Submit data as NetCDF/CF

If you want to publish data through the Arctic Data Centre, your data have to be submitted as NetCDF following the Climate and Forecast convention (CF). The main reason for this is to standardise the use metadata, enabling users to understand the content of a data file by the data file only as data are self described and enabling users to use standardised applications for analysis as Input/Output from applications are supported by the self described formats. Furthermore, data centres supporting this format often support data through the OPeNDAP protocol which enables users to stream data.

When encoding data as CF-NetCDF it is good practise to include discovery metadata in the file using the Attribute Convention for dataset Discovery (ACDD). Discovery metadata will then be directly connected to the data themselves.
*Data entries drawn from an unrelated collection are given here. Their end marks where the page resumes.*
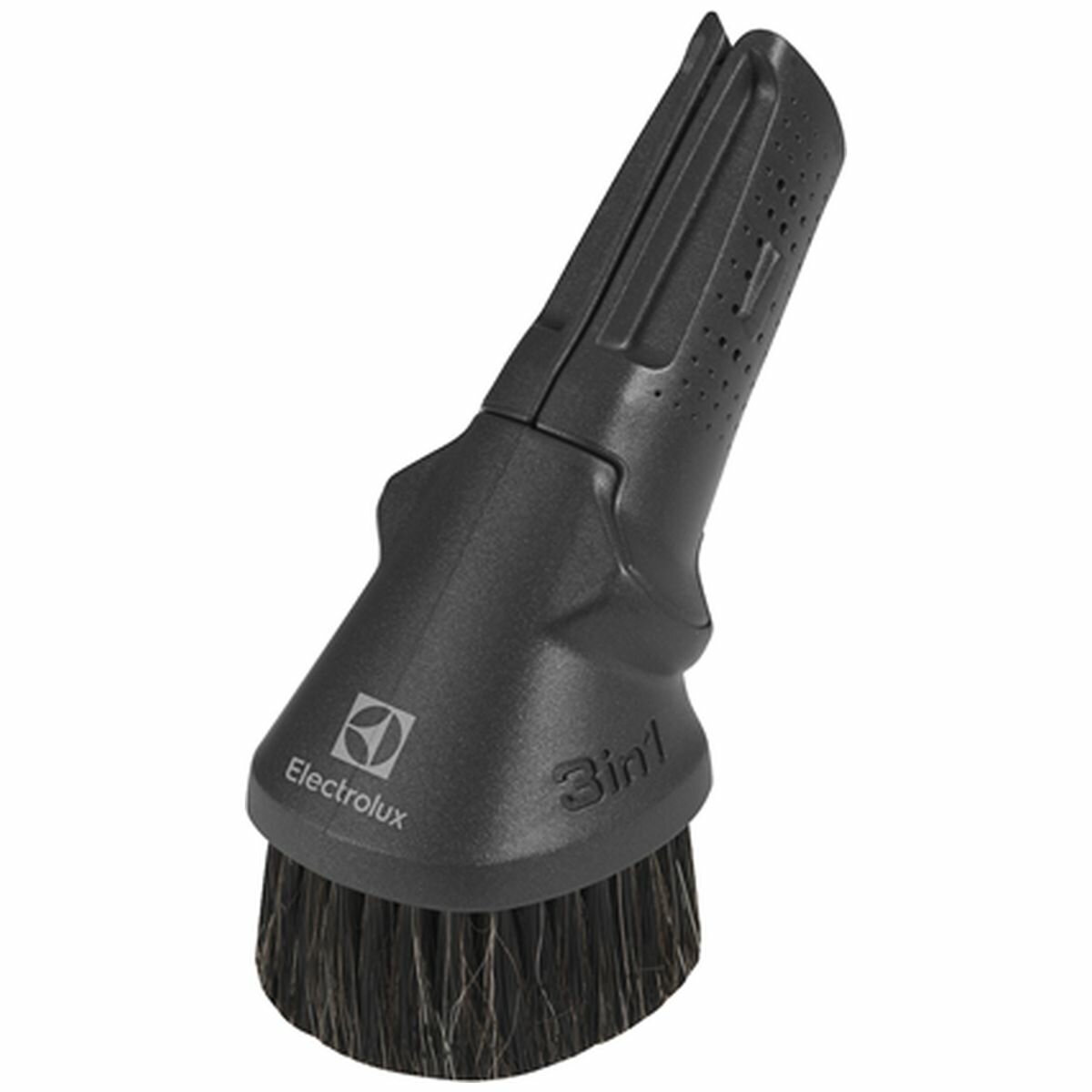 Electrolux Pure C9 Origin Bagless Vacuum Cleaner  - Factory Second PC914IGT - Image 6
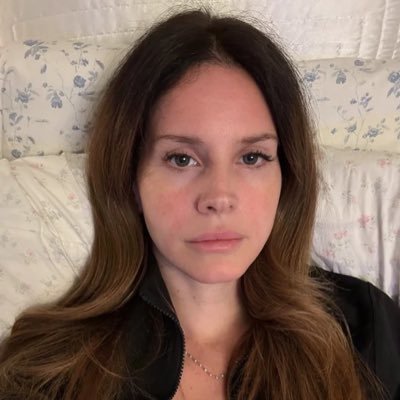 oscar⸆⸉ ☁️'s profile picture
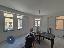 Appartamento 102 mq, 2 camere, zona Gradisca d'Isonzo - Centro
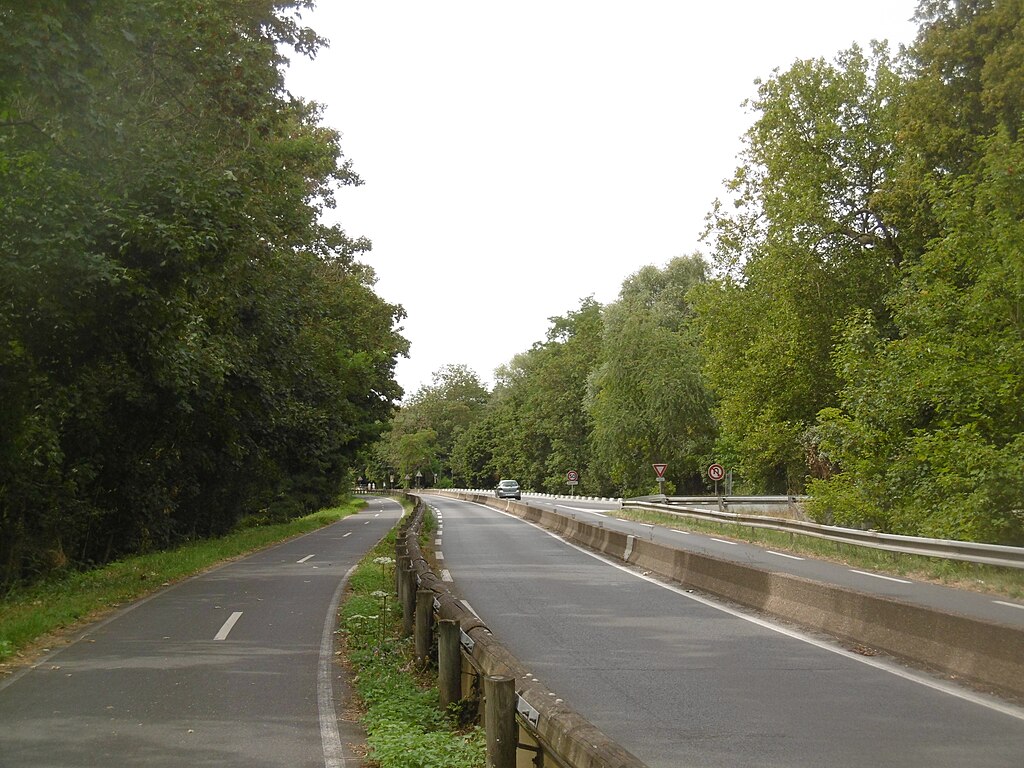 Renovation interieure pas cher Massy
The ACDD elements for proper extraction of discovery metadata are listed below. In addition it is recommended to add the CF global attribute featureType for datasets following the discrete sampling geometry setup according to CF. This is required to have  visualisation of the dataset in the data portal.

 

ACDD global attributes required to generate discovery metadata (extract from ACDD documentation) in ADC related catalogues.
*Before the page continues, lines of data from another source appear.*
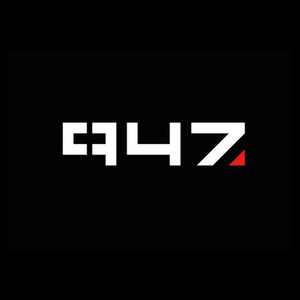 Listen to 947 in the App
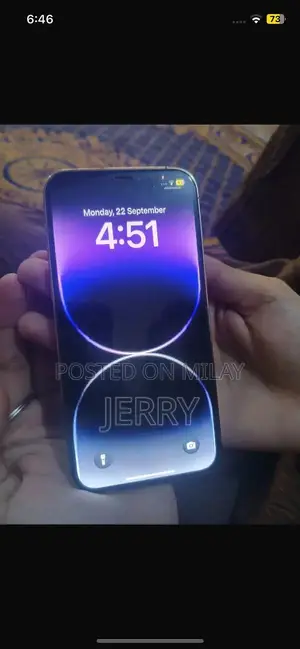 iphone 12pro nonpta 128gb waterpack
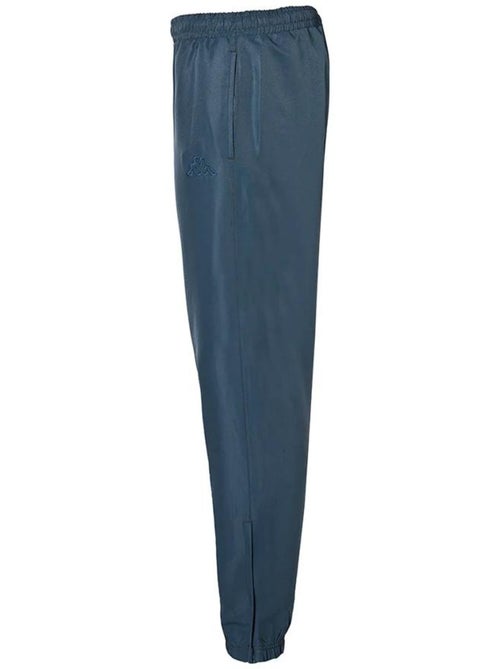 Pantalon de jogging Homme Kappa - Kiabi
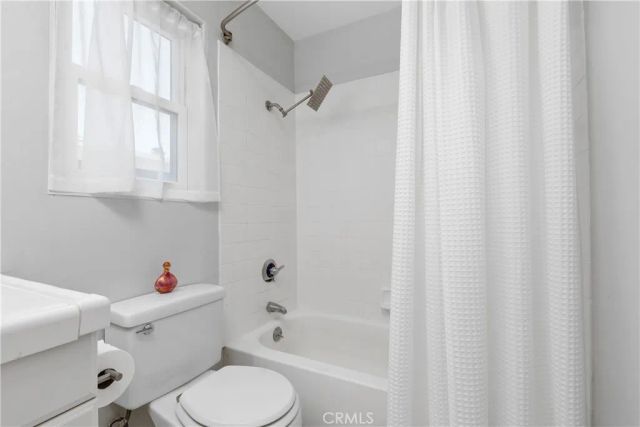 4252 fair Avenue 22, Studio City, CA 91602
Attribute Description Comment
id An identifier for the data set, provided by and unique within its naming authority. The combination of the "naming authority" and the "id" should be globally unique, but the id can be globally unique by itself also. IDs can be URLs, URNs, DOIs, meaningful text strings, a local key, or any other unique string of characters. The id should not include white space characters. Required if not hosted by MET. If hosted by MET, please do not add this.
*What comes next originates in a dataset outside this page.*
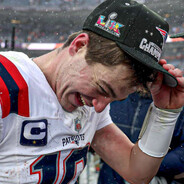 MVP - steam id 76561198120636046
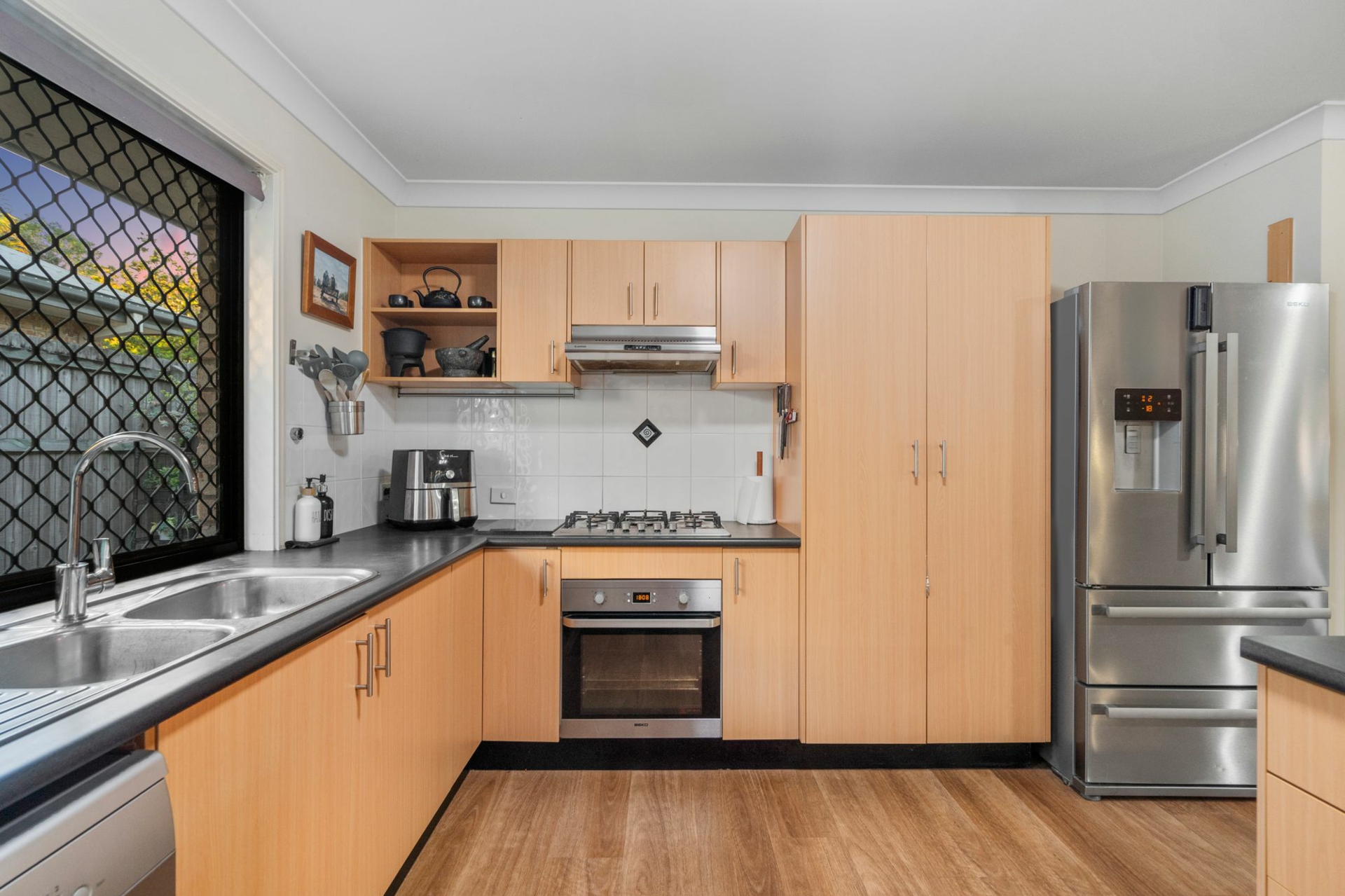 3 Carallia Court — photo 7 of 30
naming_authority The organization that provides the initial id (see above) for the dataset. The naming authority should be uniquely specified by this attribute. We recommend using reverse-DNS naming for the naming authority; URIs are also acceptable. Example: 'edu.ucar.unidata'. Required if not hosted by MET.
title A short phrase or sentence describing the dataset. In many discovery systems, the title will be displayed in the results list from a search, and therefore should be human readable and reasonable to display in a list of such names. This attribute is also recommended by the NetCDF Users Guide and the CF conventions. Required. Please use an informative title that guides potential users on the content of the dataset.
summary A paragraph describing the dataset, analogous to an abstract for a paper. Required. Please use informative text that guides the potential user on the content of this dataset, as well as additional information that might be relevant.
keywords A comma-separated list of keywords and/or phrases. Keywords may be common words or phrases, terms from a controlled vocabulary (GCMD is required), or URIs for terms from a controlled vocabulary (see also "keywords_vocabulary" attribute). If keywords are extracted from e.g. GCMD Science Keywords, add keywords_vocabulary='GCMDSK' and prefix in any case each keyword with the appropriate prefix. Required, GCMD Science Keywords. Additional vocabularies may be used. See here for details on how to use. The GCMD Keyword Viewer may come in handy.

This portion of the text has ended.